== Segment start ==
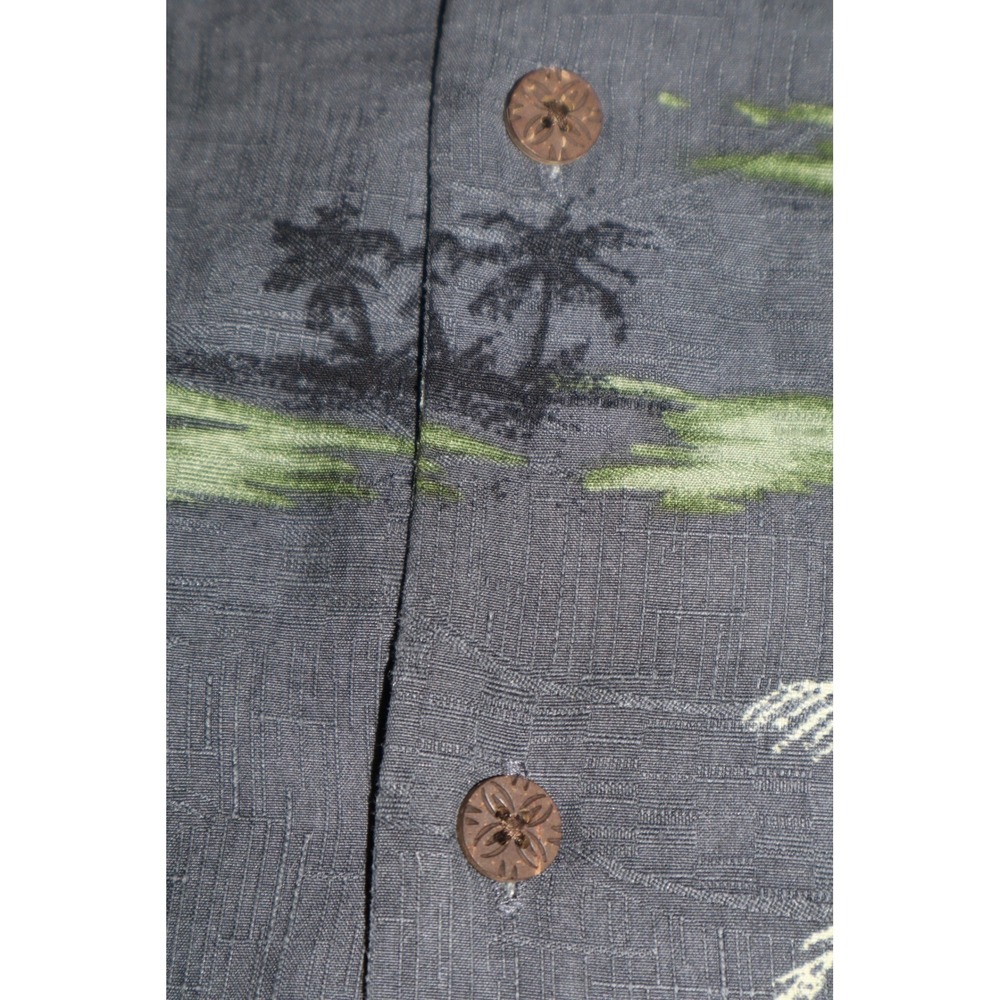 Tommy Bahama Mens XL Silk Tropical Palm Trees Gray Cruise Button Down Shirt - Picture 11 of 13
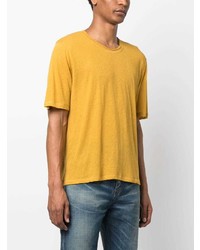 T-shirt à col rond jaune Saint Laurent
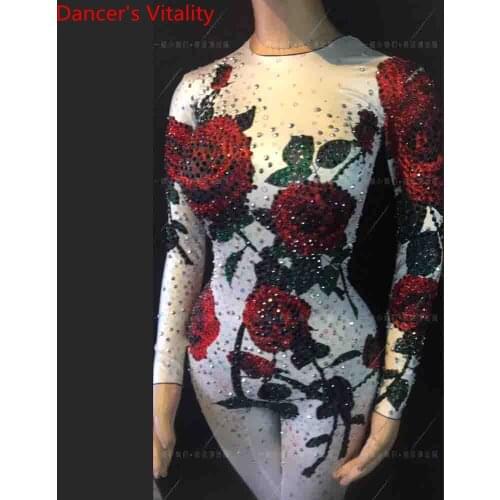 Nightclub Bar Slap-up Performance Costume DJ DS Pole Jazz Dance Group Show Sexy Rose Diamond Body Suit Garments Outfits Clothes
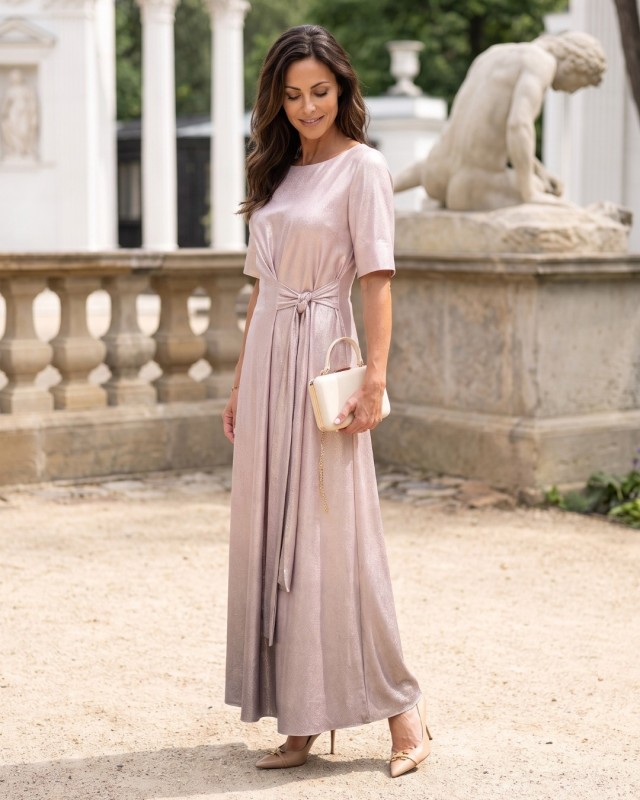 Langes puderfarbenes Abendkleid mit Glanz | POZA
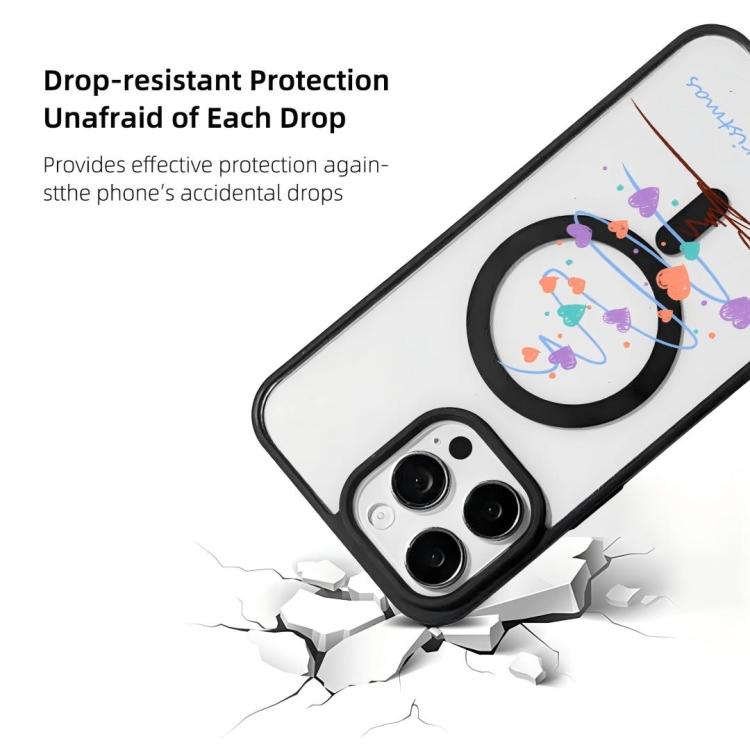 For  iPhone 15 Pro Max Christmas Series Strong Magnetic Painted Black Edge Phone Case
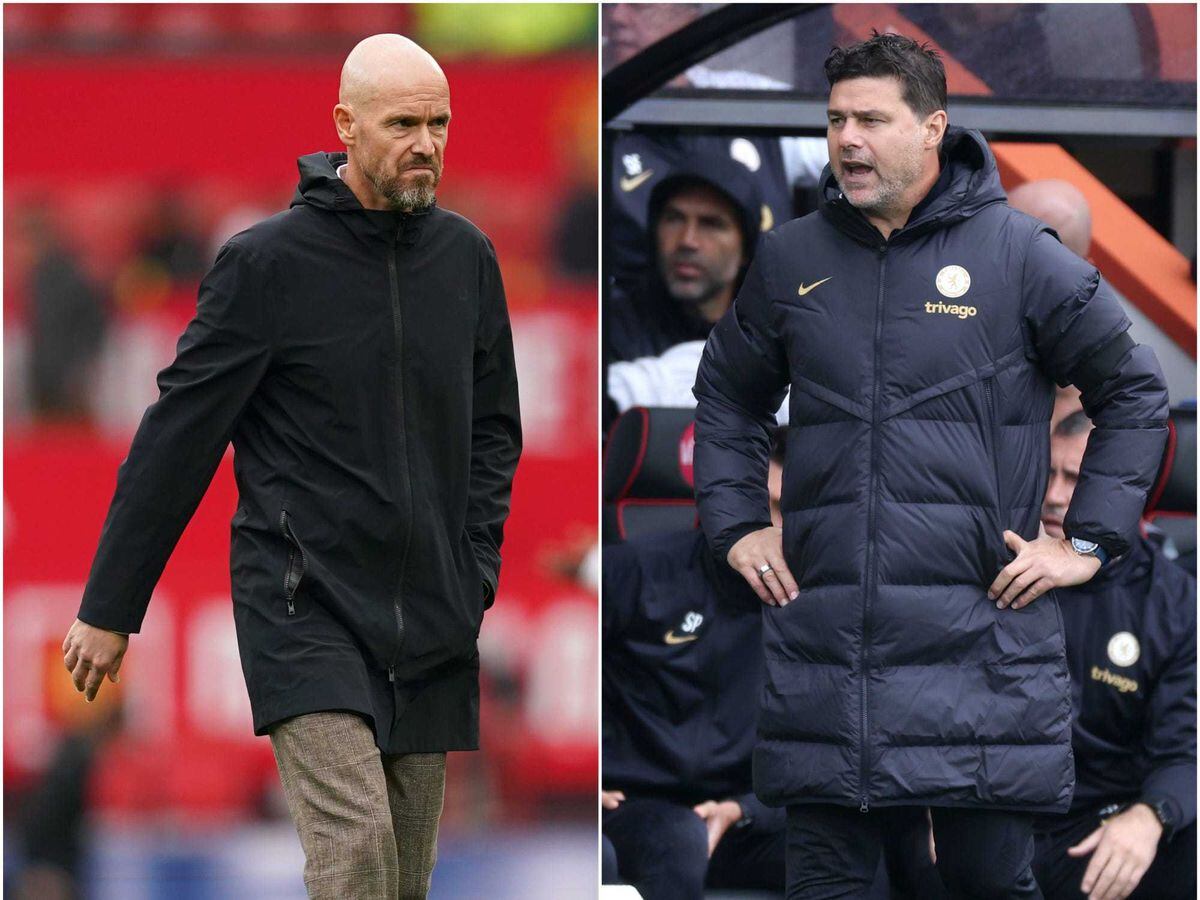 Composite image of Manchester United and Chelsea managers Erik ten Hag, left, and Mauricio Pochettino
== Segment end ==
● **Problem**: Without any pictures, repeat the listing exactly.

● **Exercise result**:
 Tommy Bahama Mens XL Silk Tropical Palm Trees Gray Cruise Button Down Shirt - Picture 11 of 13
 T-shirt à col rond jaune Saint Laurent
 Nightclub Bar Slap-up Performance Costume DJ DS Pole Jazz Dance Group Show Sexy Rose Diamond Body Suit Garments Outfits Clothes
 Langes puderfarbenes Abendkleid mit Glanz | POZA
 For  iPhone 15 Pro Max Christmas Series Strong Magnetic Painted Black Edge Phone Case
 Composite image of Manchester United and Chelsea managers Erik ten Hag, left, and Mauricio Pochettino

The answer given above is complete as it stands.